Figure 3miR-100-5p regulates cell proliferation and apoptosis in prostate cancer cell lines. (A) Cell proliferation was assessed by trypan blue count in LNCaP cells grown in either dihydrotestosterone (DHT)-supplemented or –deprived medium (10% CSS) for the indicated time points. (B) miR-100-5p expression was measured in DHT-deprived LNCaP cells and assessed via qPCR over the course of 8d. (C) miR-100-5p knockdown in LNCAP and DU145 cell lines in the presence of CSS shows an effective reduction in miR-100-5p expression, independent of the AR signaling axis. (D) miR-100-5p inhibition in LNCaP cells increases the percentage of cell death as confirmed by trypan blue staining. (E) Relative caspase activity measured by caspase 3/7 assay in LNCaP cells shows apoptosis in Cx-resistant adenocarcinoma cells (LNCaP). (F–G) Number of viable cells as a consequent of miR-100-5p inhibition shows reduction in proliferation in both CRPC (LNCaP) and NEPC (DU145) representative cell lines.

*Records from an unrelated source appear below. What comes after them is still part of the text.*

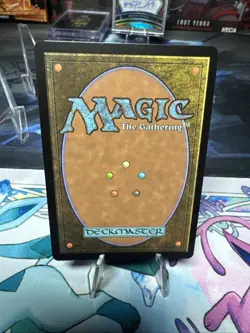 MTG Interceptor, Shadow's Hound Extended Art Foil Final Fantasy 147 FF6 Rare - Image 4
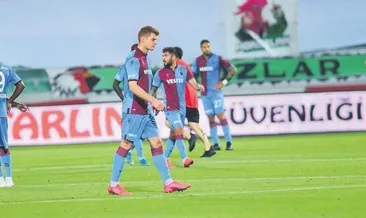 Öne geçmek yaramıyor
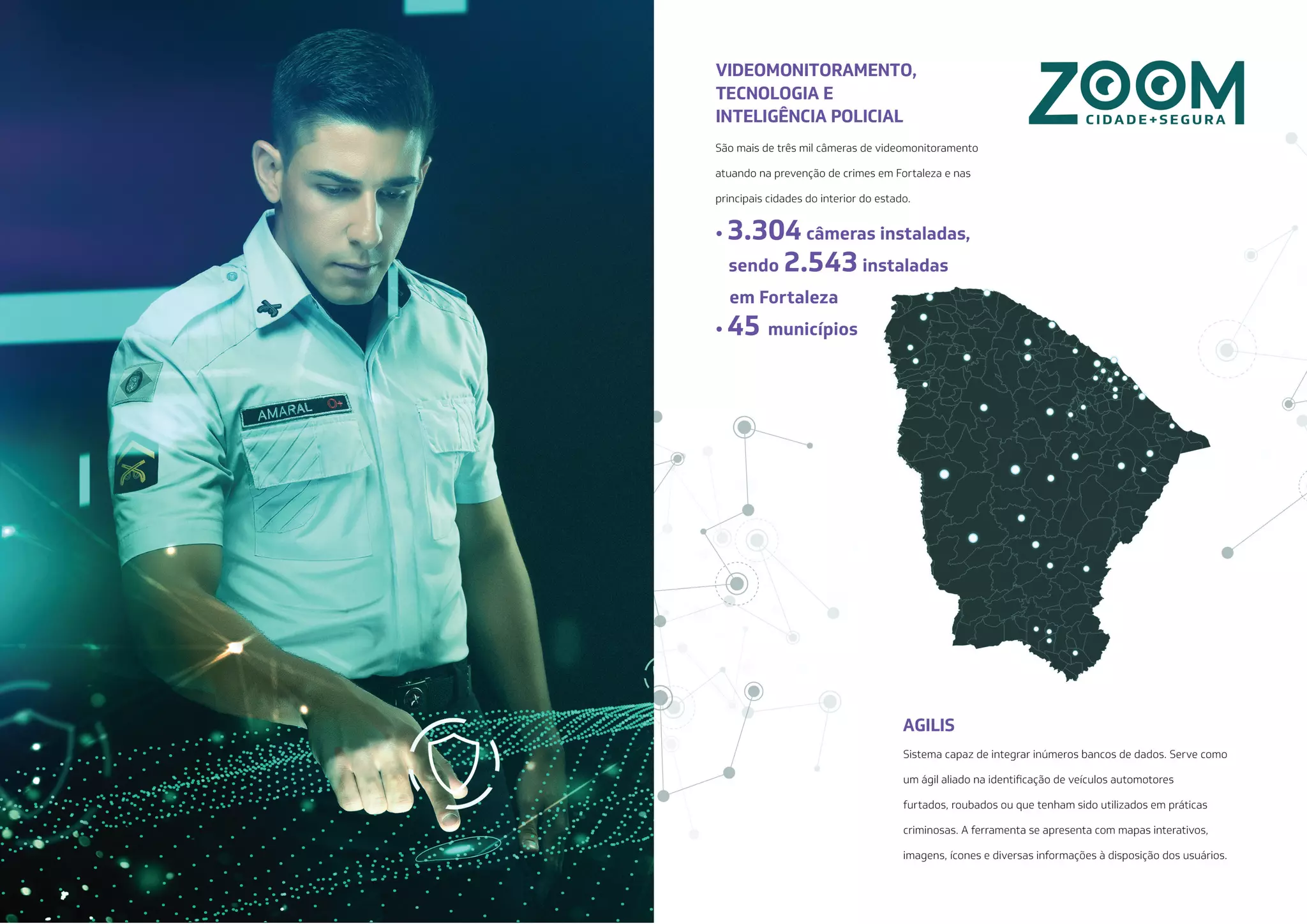 NESP: Nova estratégia de Segurança Pública 2021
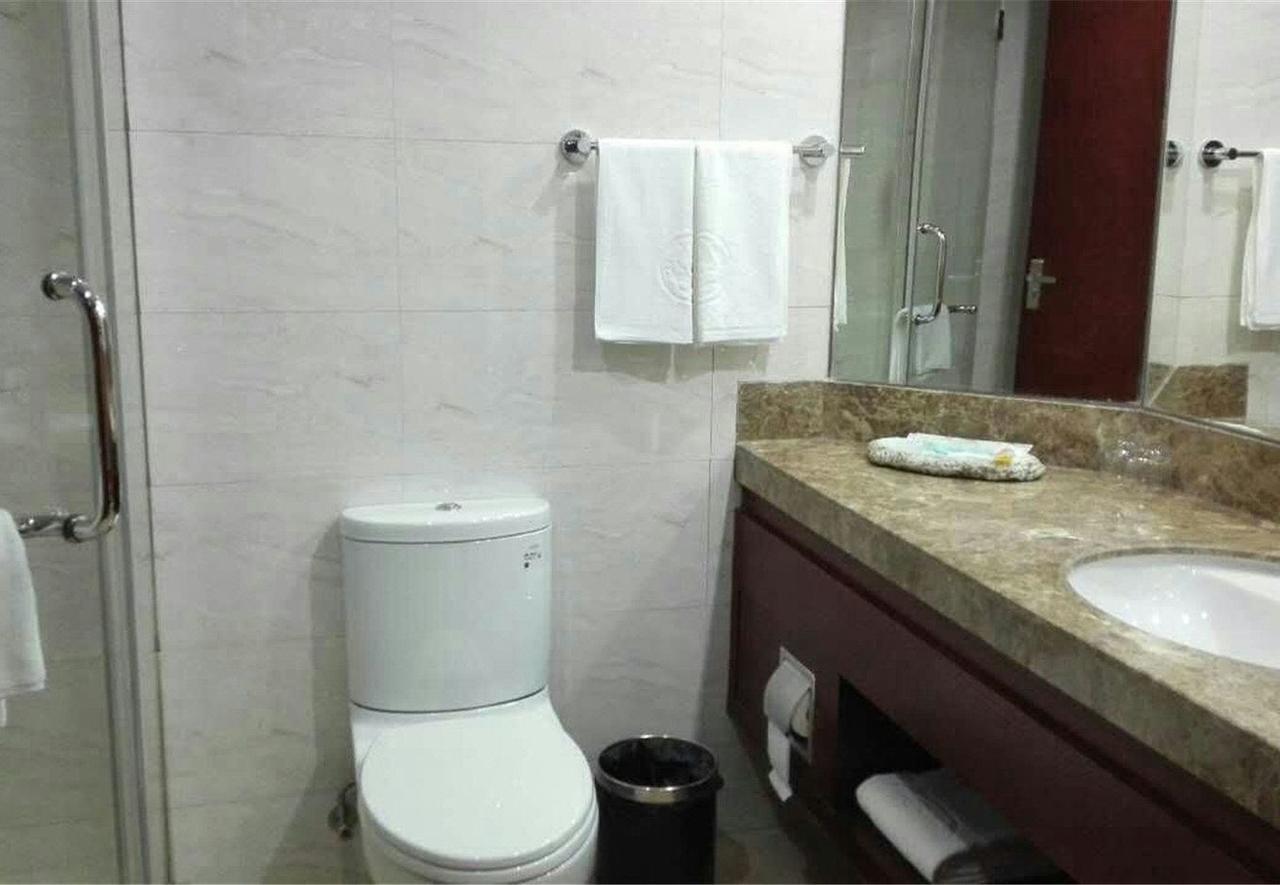 Lanchen Hotel Hangzhou Exteriör bild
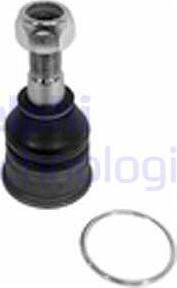 Delphi TC2521-11B1 - Giunto di supporto / guida autozon.pro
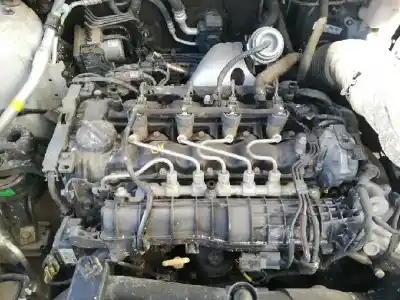 Veículo de Sucata hyundai ix35 comfort 2wd 116 cv / 85 kw do ano 2014 alimentado d4fd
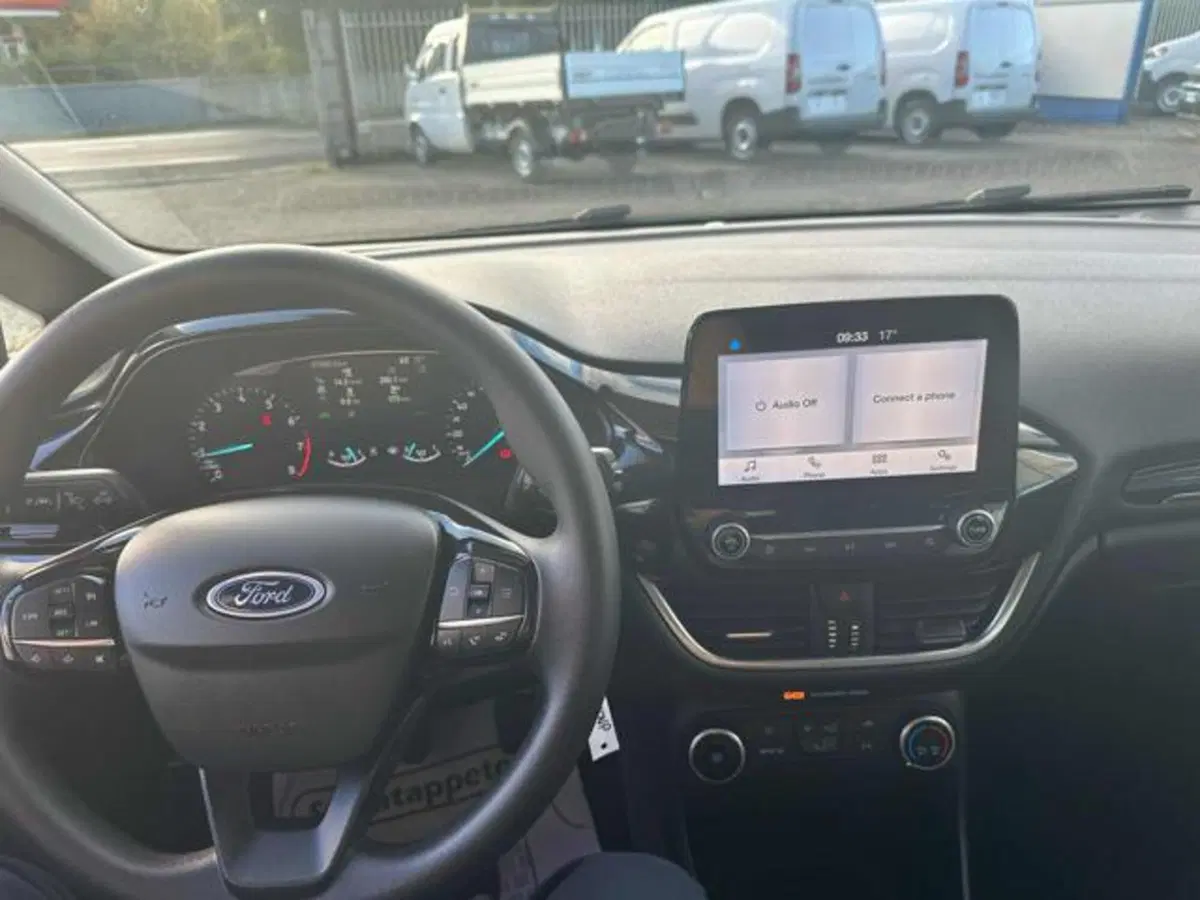 Ford Fiesta usata a Lucca (11)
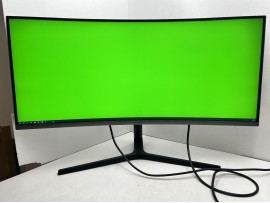 Samsung C34H890WGU 34" (клас А)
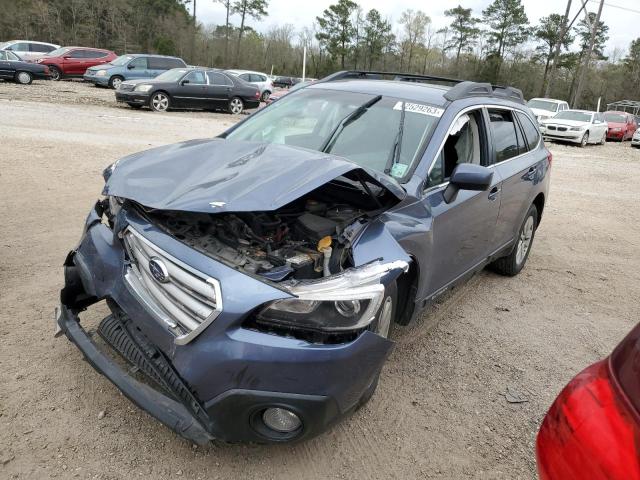 SUBARU OUTBACK 2. 2017 4s4bsacc8h3325080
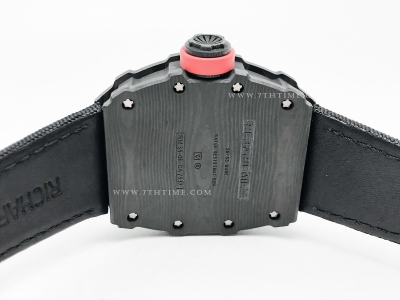 RM035-01 Rafael Nadal Blk NTPT/NY Red Sonic RMUL3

Figure 4Curated and predicted interaction network for miR-100-5p. (A) Three databases were used to find predicted gene and protein interactions with miR-100-5p. (B) Enriched canonical pathways using KEGG and GO pathway databases for predicted targets of miR-100-5p. Octagons represent major canonical pathways and associated genes, in red, are presented in round nodes circulating the pathways (generated using Cytoscape). (C) Gene networks regulated by miR-100-5p based on canonical pathways from GO and KEGG enrichment analyses associated with genes that are predicted to be regulated by miR-100-5p. (D) miR-100-5p expression in Taylor et al.[32] MSKCC database finds a significant correlation between poor survival and alterations in target of miR-100-5p, MTOR.